Gauche
A People’s History of Gauche
Merge
Jul 16, 2019 Web Exclusive
History can mutate when we’re not looking. Official records will stifle the many voices that spoke; leaders and winners (usually men) take up all the page space; crowds get squashed down into the two or three contemporary mindsets. So when Washington, D.C.‘s party ambassadors Gauche propose A People’s History of Gauche for their debut, they offer us a narrative untainted by any gold leaf or red pen: a resistance, an awareness, a dotted line from the underground to dance upon. Most of these lessons might be over four years old now—older than the Dark Age of Trump, even—but the gang’s geometric rhetoric seeks to rewrite, not retread, the grooves of our times.

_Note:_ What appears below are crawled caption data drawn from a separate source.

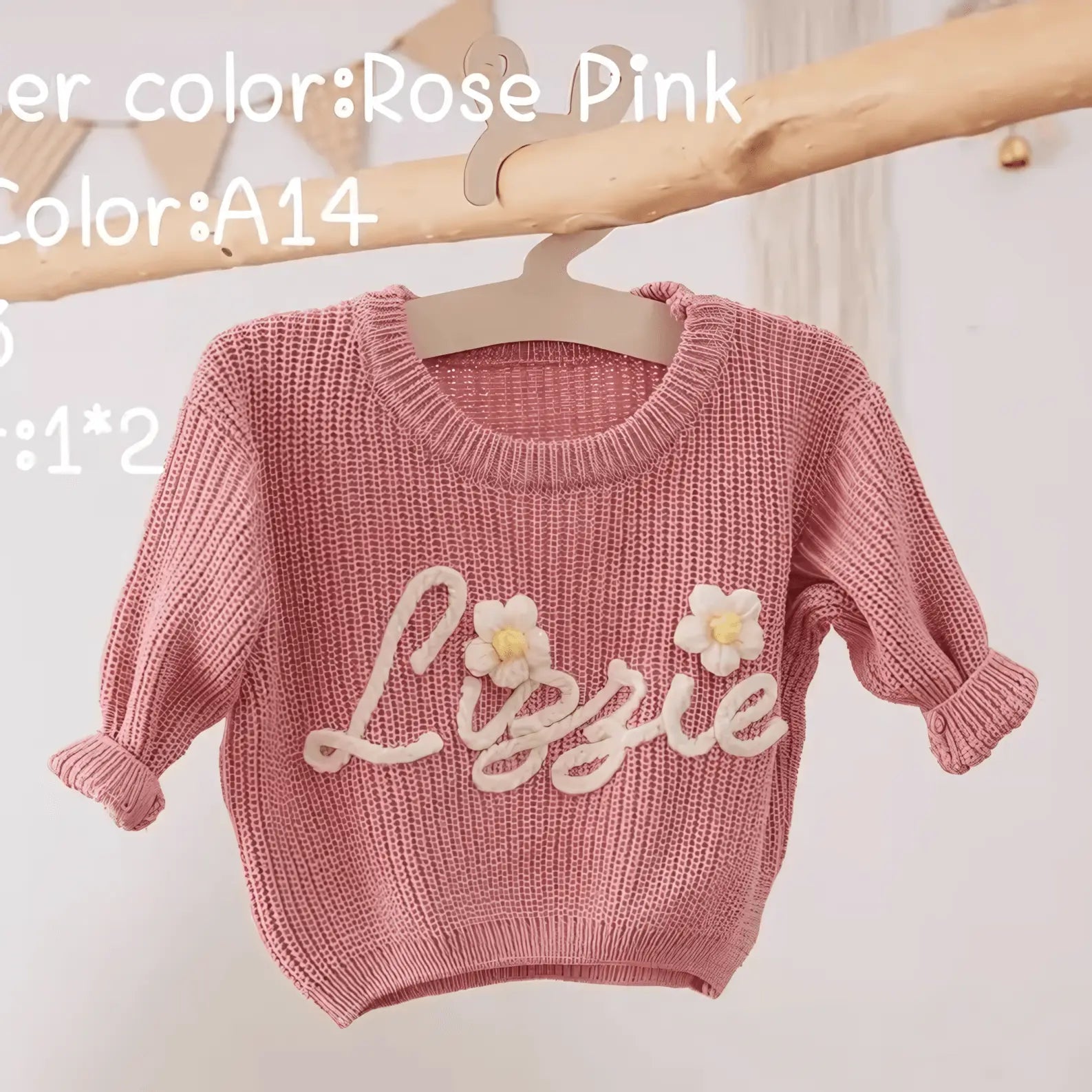 Cotton Hand embroidered Name Baby Sweater - IVORYNN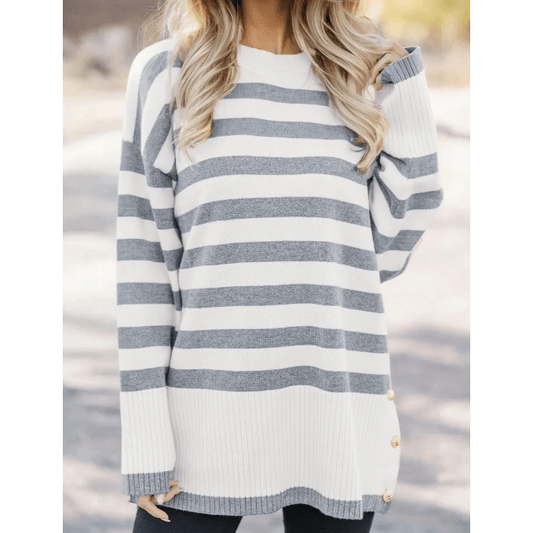 Alexie Stripe Ribbed Buttoned Detail Drop Shoulder Tunic Sweater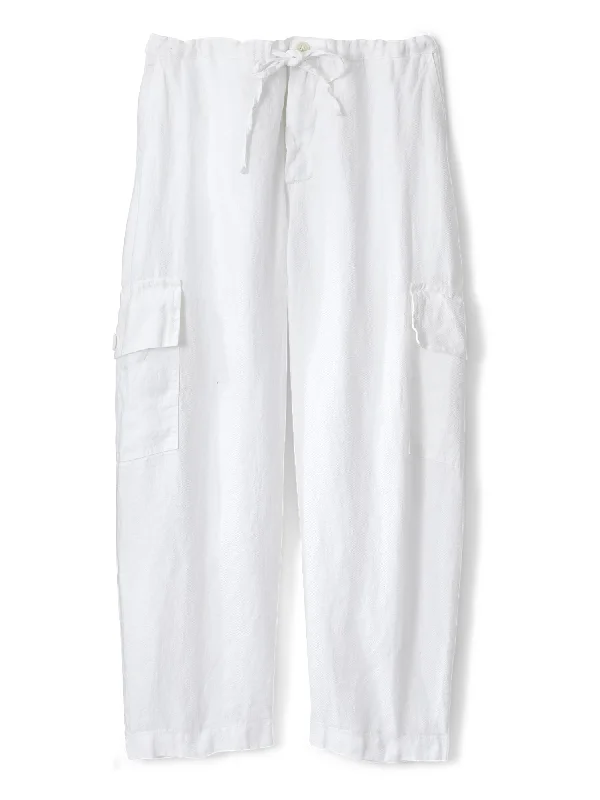 Linen Cargo Pant Trendy High-Waist Trousers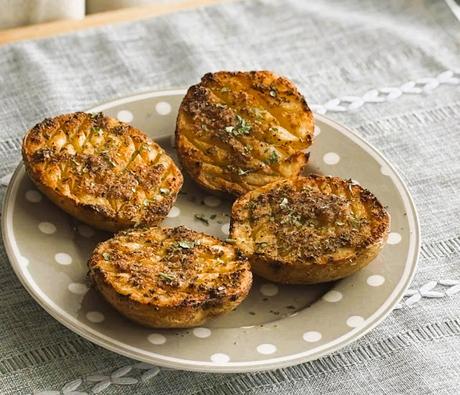 Sheet Pan Scored Potatoes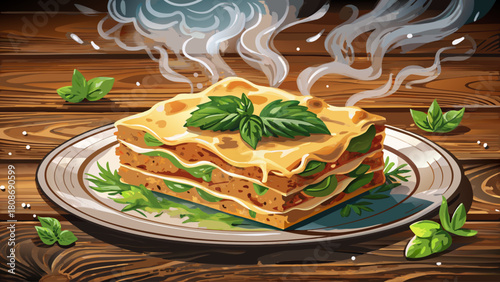 A top-down photorealistic view of spinach lasagna served on a rustic wooden table, with steam rising and rich cheese textures visible between layered pasta sheets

Like all good revolutions, the Gauche party claims no leader. All five jolly members lend to the carousel of sound that revolves through A People’s History; “Rent (v.)” feels like a house party in full swing, as everyone shouts and claps with Daniele Yandel (from Priests) and her firm stance against the male gaze. A giddy, Pylon-like choreography guides the flow, between fluid bass lines and breezy saxophones, between Pearie Sol’s carefree keys and the barely contained indignation of Mary Jane Regalado (Downtown Boys). No matter what dense subject Gauche tackle, the gang’s groovy camaraderie keeps their discourse part of the action; even the Gang of Four-like march toward self-determined worth in “Running” feels whimsical, a real question pondered in every color instead of a textbook example in black and white.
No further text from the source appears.